**WORK INSTRUCTIONS**
Below this line are records; transcribe exactly the lines between the one holding "Forest Green Quilted Velvet Jewellery Case" and the one holding "Bowl Bathroom Sink", inclusive, and omit the pictures.

**GIVEN DATA**
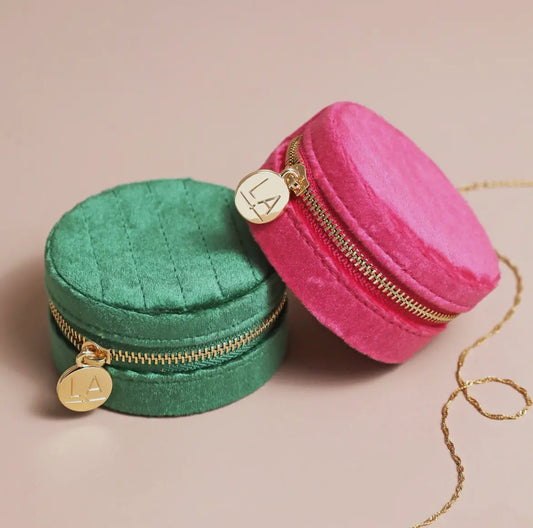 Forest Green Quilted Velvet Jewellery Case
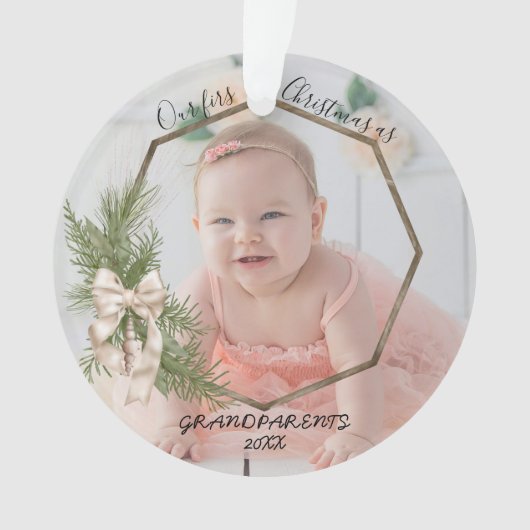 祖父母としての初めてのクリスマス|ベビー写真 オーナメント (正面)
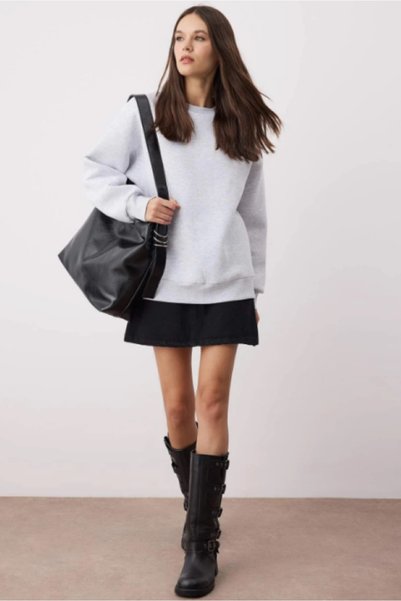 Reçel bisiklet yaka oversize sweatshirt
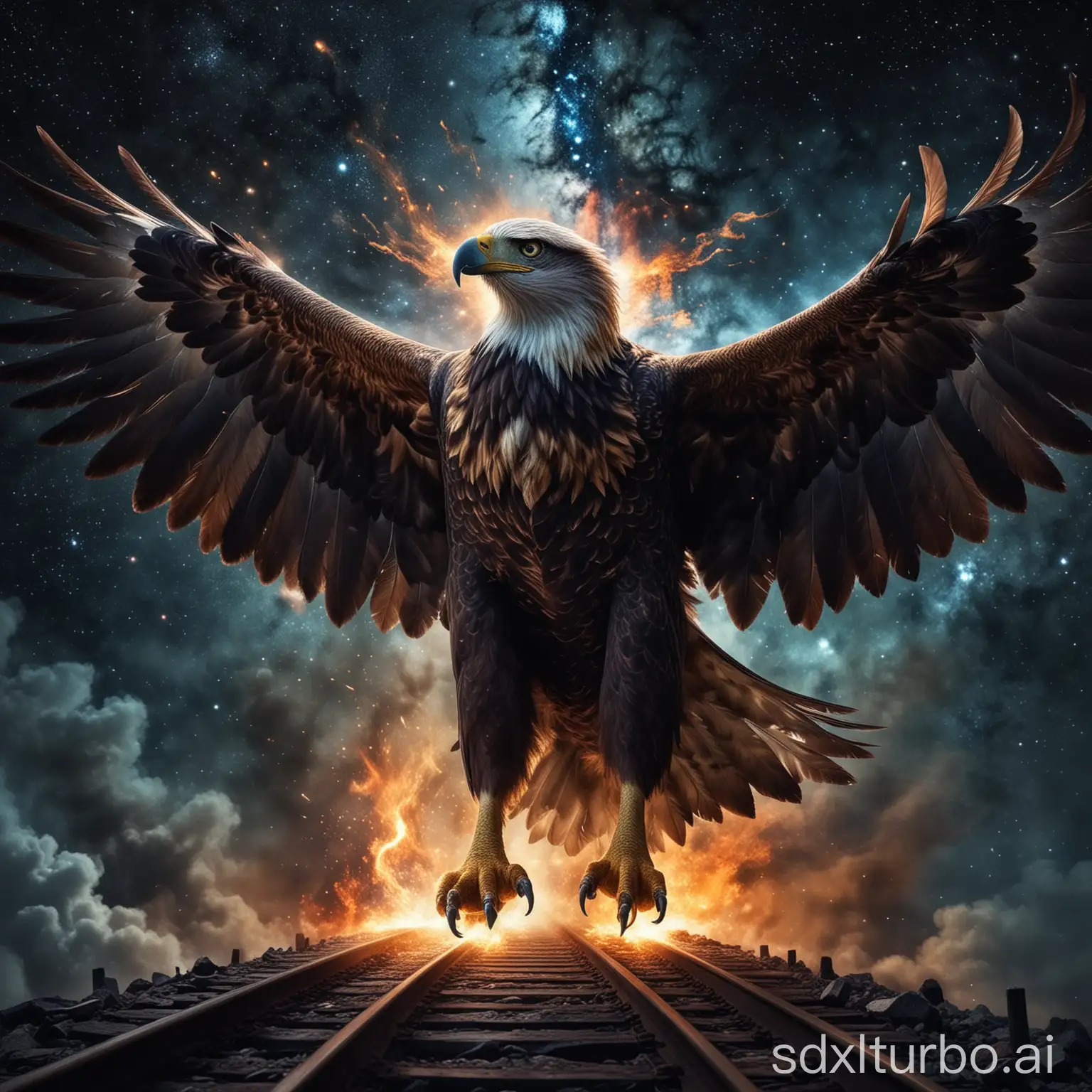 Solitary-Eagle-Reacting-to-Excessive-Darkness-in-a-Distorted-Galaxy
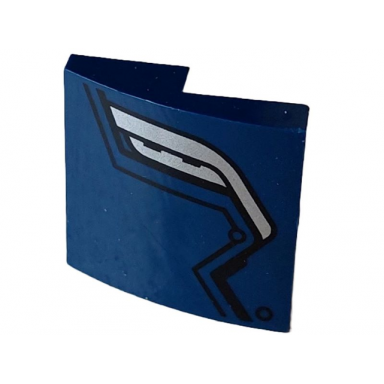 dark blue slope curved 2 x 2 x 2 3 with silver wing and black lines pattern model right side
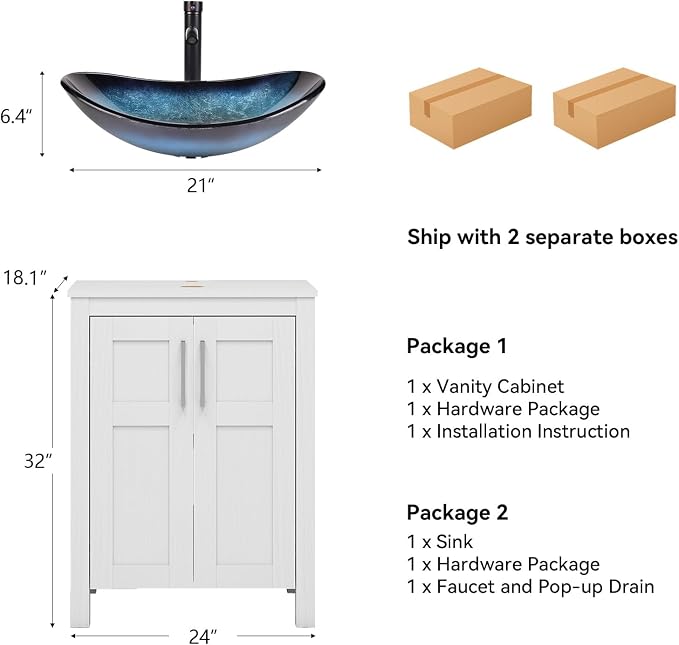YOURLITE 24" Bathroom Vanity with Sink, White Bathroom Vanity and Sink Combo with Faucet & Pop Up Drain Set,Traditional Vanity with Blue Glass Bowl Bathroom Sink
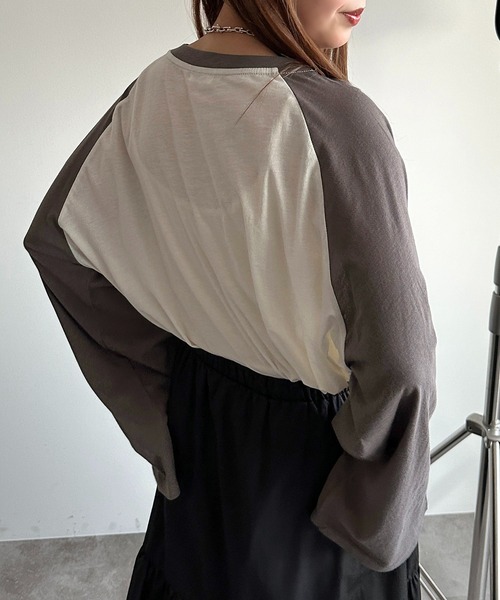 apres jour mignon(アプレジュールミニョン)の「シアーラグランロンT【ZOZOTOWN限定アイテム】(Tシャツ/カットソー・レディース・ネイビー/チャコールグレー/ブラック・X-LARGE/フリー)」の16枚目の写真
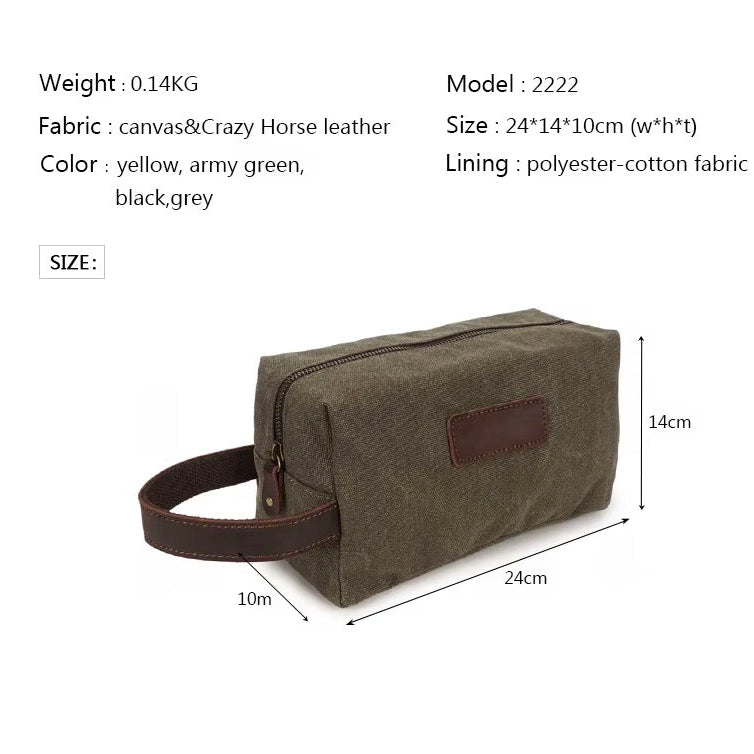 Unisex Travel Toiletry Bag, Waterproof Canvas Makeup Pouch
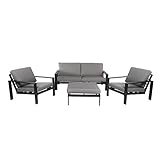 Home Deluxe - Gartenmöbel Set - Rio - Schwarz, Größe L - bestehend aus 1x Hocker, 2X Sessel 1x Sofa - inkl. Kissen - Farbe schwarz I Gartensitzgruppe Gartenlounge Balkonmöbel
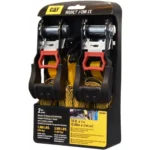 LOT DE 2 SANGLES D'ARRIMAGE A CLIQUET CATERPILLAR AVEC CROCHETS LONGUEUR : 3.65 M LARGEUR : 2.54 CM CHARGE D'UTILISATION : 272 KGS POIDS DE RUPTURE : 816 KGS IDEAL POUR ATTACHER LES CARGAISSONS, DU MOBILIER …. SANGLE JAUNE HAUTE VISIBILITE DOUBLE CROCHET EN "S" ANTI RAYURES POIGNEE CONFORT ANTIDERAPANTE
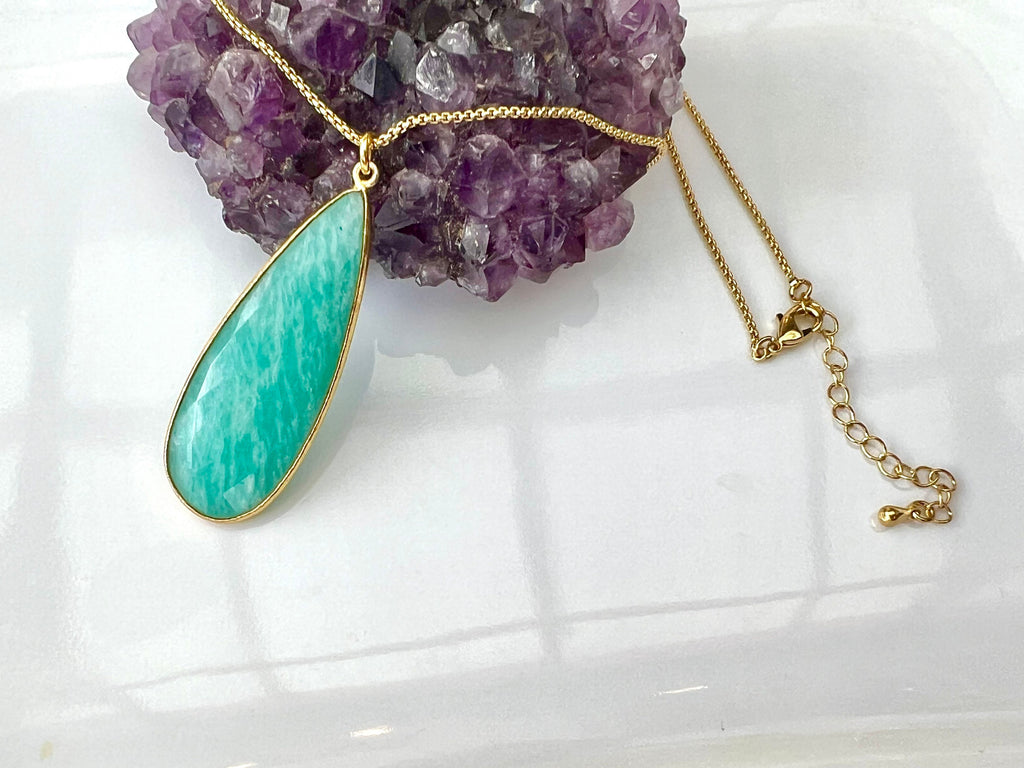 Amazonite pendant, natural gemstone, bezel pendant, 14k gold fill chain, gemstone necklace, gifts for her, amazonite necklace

...

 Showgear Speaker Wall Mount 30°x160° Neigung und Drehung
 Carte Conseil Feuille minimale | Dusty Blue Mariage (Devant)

* * *

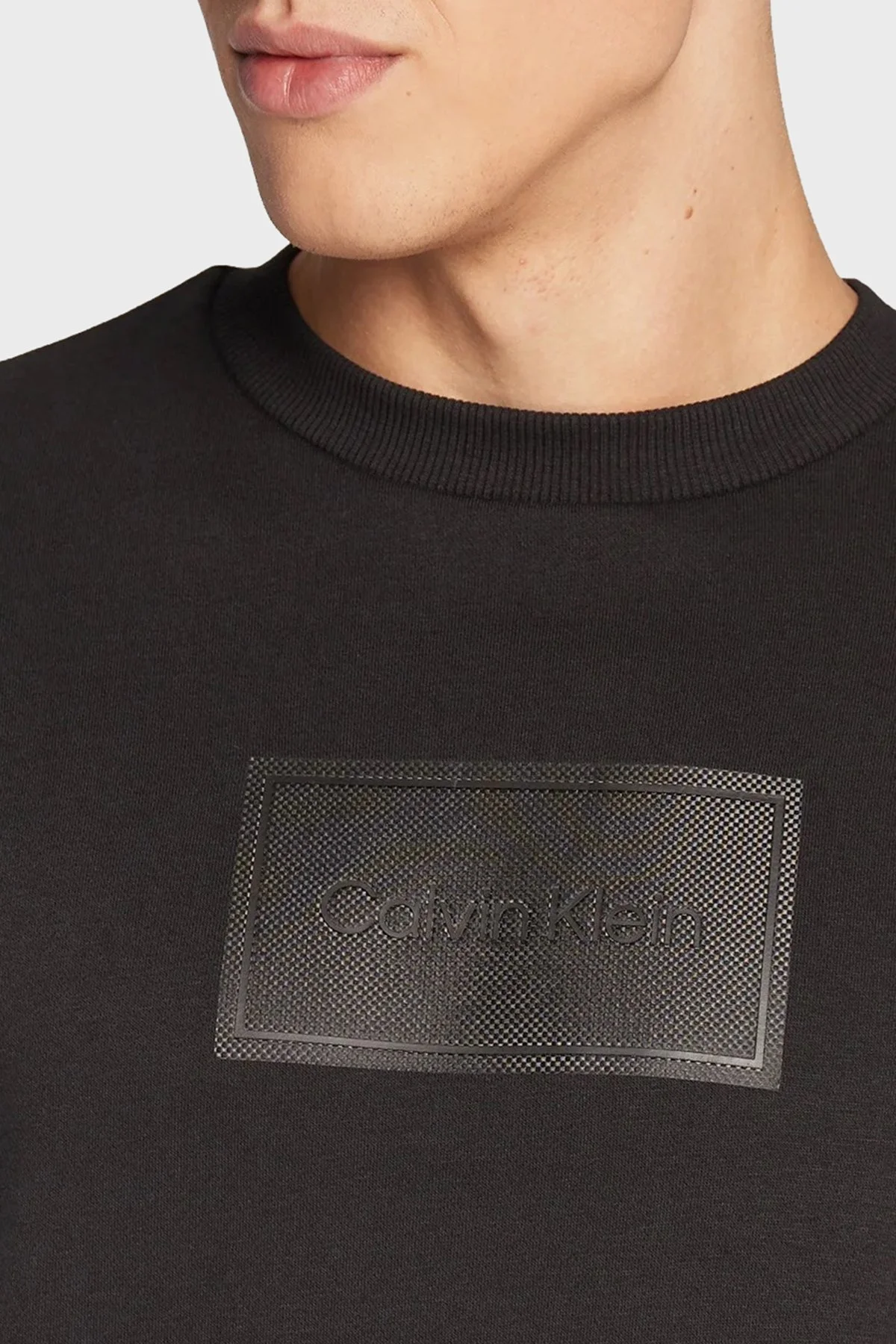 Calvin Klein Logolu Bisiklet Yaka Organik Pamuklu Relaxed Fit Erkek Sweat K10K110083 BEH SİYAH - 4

**EXERCISE SOLUTION**
 Forest Green Quilted Velvet Jewellery Case
 祖父母としての初めてのクリスマス|ベビー写真 オーナメント (正面)
 Reçel bisiklet yaka oversize sweatshirt
 Solitary-Eagle-Reacting-to-Excessive-Darkness-in-a-Distorted-Galaxy
 dark blue slope curved 2 x 2 x 2 3 with silver wing and black lines pattern model right side
YOURLITE 24" Bathroom Vanity with Sink, White Bathroom Vanity and Sink Combo with Faucet & Pop Up Drain Set,Traditional Vanity with Blue Glass Bowl Bathroom Sink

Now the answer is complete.